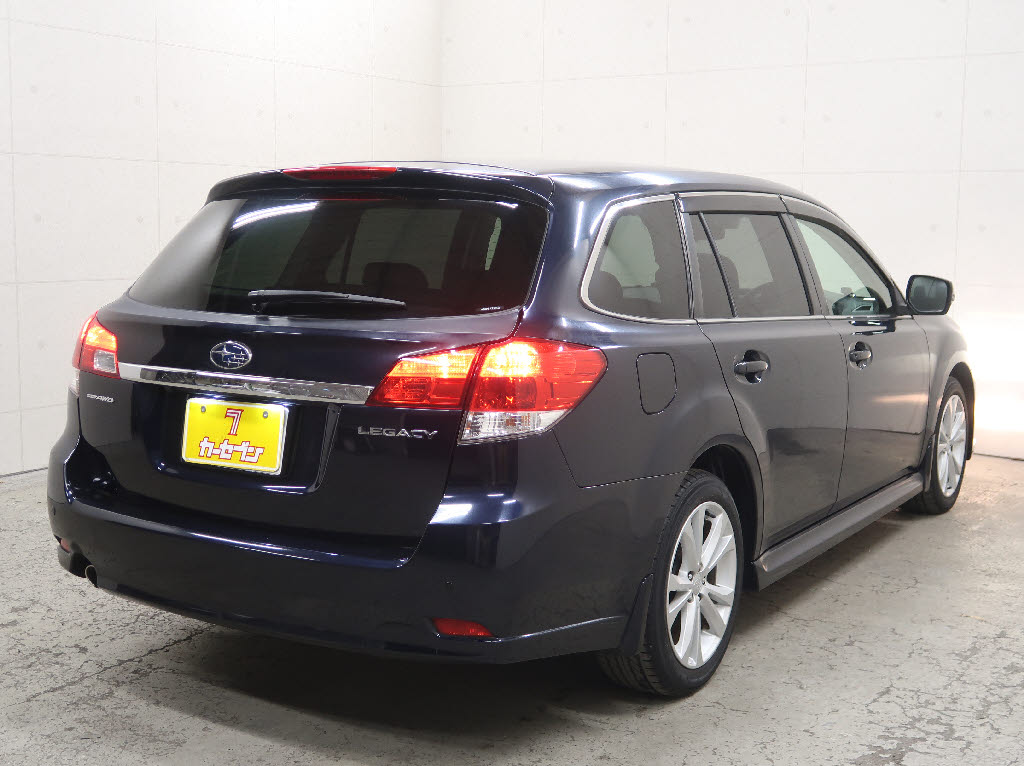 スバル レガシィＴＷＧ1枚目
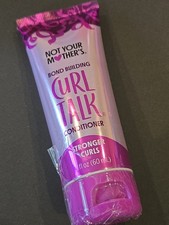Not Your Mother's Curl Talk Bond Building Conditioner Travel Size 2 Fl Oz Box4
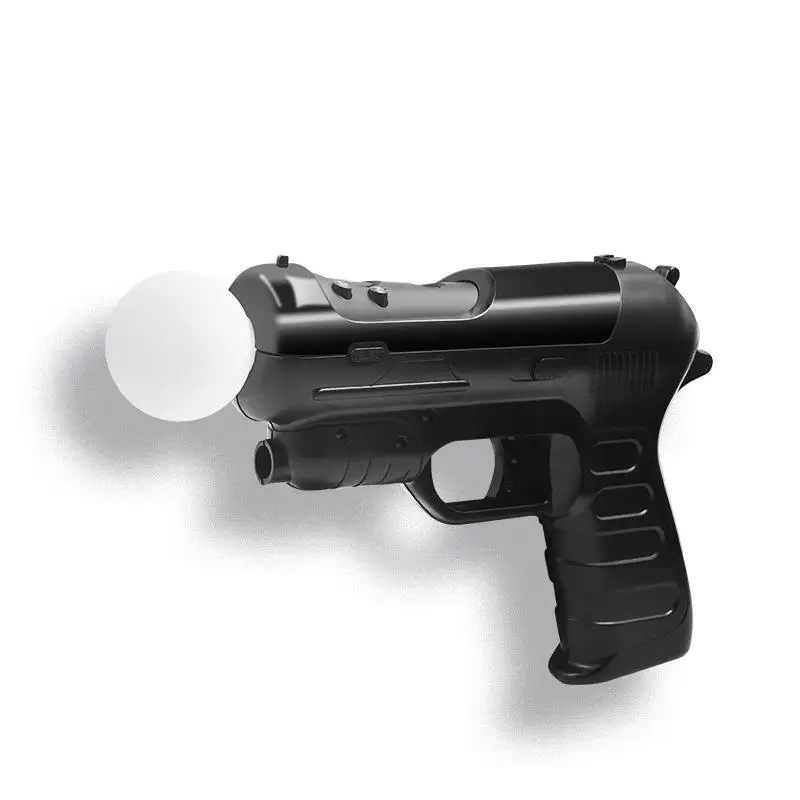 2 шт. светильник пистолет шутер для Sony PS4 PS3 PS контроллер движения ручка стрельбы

********

→ To do
Go through the listing and restate each line word for word, leaving out the pictures.

→ Response
 スバル レガシィＴＷＧ1枚目
Not Your Mother's Curl Talk Bond Building Conditioner Travel Size 2 Fl Oz Box4
 2 шт. светильник пистолет шутер для Sony PS4 PS3 PS контроллер движения ручка стрельбы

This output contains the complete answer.